Сегодня раздобыли машинку для стрижки волос, сделали друг другу прически. Сразу полегчало. Спустились к большому потоку, вымылись. Из воды вылезали посиневшие от холода, но бодрые. Облачились в чистую одежду и пошли назад легкие как перышки. Навстречу — возглавляемая почтенным старцем цепочка местных красавиц. Не иначе, как потянулись в горы, на временную стоянку. Здороваемся. Старик важно кивает. Девицы защебетали, приветствуя. Одна громко выпалила:
— Какие вы красавцы-то…
Последовал взрыв задорного смеха. Я почувствовал, что краснею от удовольствия. Пожалел, что не ношу с собой зеркала и давно не видел себя, захотелось сразу удостовериться в справедливости игривого замечания. Вечером Ань Ты разочаровал нас, сказав, что более половины наших работников, практически каждый, кто попадался на глаза местным девушкам, здесь ходят в «красавцах».
(Надо сказать, мы старались держаться с достоинством и благопристойным образом жизни сумели завоевать расположение населения. Нас открыто хвалят за примерное поведение, вспоминая произвол французских солдат, которые требовали, чтобы из окрестных деревень в укрепления к ним поставляли красивых девушек. В обязанности несчастных входило всячески ублажать оккупантов, да еще и обмахивать их опахалами во время сна. Доверие обязывало, и мы, невольно заглядываясь на местных горянок, ограничивались шутками и безнадежными воздыханиями.)
2.3.48. Газета налажена, и теперь стало не до дневника. Да и писать вроде уже не о чем.
Ежедневно корплю над заметками. Задача состоит в том, чтобы и передовица, и статьи, и даже мелочи подавались сжато и просто. Написанное даю на прочтение нашему связному (он тхо по национальности), чтобы удостовериться в доступности текста. Непонятные места переписываю, подбирая слова попроще.
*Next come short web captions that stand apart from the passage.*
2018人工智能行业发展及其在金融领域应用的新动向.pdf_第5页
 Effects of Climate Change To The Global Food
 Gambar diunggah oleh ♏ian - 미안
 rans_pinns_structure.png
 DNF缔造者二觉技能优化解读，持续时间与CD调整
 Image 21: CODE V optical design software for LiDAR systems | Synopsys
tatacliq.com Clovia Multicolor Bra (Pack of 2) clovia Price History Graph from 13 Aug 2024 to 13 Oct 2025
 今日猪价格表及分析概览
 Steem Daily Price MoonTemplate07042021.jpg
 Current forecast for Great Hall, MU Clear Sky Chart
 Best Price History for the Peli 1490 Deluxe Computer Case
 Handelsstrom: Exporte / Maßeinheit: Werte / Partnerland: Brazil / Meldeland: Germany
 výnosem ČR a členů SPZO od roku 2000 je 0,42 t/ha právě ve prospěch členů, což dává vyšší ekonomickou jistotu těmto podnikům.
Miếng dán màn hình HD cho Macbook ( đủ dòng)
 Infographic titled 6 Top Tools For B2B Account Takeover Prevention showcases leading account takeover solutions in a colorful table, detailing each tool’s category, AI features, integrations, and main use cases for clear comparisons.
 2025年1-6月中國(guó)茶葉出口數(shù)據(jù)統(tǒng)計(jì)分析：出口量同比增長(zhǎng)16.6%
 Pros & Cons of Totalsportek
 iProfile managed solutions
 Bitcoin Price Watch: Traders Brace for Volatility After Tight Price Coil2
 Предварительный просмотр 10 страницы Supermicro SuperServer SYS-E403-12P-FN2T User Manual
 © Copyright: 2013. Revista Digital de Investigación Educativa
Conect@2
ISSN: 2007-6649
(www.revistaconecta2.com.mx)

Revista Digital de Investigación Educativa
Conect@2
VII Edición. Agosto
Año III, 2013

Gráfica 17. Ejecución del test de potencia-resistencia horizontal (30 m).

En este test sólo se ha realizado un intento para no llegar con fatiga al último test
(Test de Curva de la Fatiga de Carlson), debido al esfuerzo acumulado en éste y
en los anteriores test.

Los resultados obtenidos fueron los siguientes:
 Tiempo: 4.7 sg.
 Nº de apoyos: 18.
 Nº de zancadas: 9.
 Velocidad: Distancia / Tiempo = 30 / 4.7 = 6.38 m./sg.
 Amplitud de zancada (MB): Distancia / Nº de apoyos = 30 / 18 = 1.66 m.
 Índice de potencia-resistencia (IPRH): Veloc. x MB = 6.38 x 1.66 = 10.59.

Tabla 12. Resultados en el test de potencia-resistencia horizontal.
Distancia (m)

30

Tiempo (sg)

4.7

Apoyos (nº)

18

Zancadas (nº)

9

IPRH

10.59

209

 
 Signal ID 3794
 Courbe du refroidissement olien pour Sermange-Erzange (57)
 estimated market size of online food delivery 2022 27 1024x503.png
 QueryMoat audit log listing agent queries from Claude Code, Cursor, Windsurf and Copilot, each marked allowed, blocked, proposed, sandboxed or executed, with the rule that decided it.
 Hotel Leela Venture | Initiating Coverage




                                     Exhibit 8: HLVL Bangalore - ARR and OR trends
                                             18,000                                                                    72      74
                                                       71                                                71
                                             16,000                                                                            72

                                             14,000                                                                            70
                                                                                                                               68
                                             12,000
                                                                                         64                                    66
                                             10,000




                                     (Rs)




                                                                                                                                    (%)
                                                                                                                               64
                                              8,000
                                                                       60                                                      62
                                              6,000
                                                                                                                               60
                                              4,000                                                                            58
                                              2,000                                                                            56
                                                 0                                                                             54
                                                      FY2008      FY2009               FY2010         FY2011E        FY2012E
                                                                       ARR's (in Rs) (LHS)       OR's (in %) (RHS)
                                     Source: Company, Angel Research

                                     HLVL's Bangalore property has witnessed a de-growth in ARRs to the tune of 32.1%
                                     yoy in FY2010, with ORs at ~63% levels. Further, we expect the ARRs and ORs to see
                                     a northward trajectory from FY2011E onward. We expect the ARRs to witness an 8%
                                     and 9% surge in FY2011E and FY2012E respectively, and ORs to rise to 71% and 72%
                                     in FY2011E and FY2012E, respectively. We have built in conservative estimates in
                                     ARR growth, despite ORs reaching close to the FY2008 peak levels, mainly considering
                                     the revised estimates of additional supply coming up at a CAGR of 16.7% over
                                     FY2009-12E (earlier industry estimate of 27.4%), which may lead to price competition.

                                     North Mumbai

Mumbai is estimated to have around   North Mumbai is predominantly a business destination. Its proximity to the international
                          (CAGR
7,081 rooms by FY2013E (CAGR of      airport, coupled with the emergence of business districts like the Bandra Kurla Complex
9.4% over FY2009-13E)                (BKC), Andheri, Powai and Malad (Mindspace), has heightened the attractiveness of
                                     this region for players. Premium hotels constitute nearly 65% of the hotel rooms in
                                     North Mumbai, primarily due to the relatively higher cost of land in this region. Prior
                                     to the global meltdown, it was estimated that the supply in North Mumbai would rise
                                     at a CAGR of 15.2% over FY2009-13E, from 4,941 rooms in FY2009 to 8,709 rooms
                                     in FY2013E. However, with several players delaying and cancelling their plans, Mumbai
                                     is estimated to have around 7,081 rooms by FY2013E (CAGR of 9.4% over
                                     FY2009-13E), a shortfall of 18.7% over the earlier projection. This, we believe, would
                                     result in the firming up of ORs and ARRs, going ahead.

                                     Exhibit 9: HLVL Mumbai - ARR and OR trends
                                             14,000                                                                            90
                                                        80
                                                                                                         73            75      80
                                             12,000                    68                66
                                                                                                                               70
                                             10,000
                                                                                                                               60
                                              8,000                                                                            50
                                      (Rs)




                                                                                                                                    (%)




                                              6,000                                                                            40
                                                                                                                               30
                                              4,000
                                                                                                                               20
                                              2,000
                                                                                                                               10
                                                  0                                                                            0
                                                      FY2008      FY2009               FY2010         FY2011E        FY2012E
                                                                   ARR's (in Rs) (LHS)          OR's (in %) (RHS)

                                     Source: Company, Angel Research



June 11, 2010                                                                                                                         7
Еще раньше я мечтал о небольшой газете для малограмотных, то есть для большинства населения нашей страны. Незадолго до войны Сопротивления я оставил Ханой, чтобы в отдаленной провинции осуществить свое намерение. Не хватило средств. Возможность осуществить задуманное ранее предоставилась только теперь. Я с большим увлечением и усердием взялся за дело, до которого ни за что бы не «снизошел» лет пять назад. Тогда я писал в надежде прославиться. Хотел создать нечто вечное, что составило бы мою посмертную славу. Я искал похвал литературных друзей, знатоков, знаменитых критиков. Их мнение было для меня все… О простых людях я не вспоминал. Зачем им читать? Что им литература? Они грубы и невежественны. Их можно вывести из отупения лишь азартной игрой, бутылкой вина или куском жареного мяса. Им нет дела до книг и уж наверняка нет дела до того, кто этот писатель.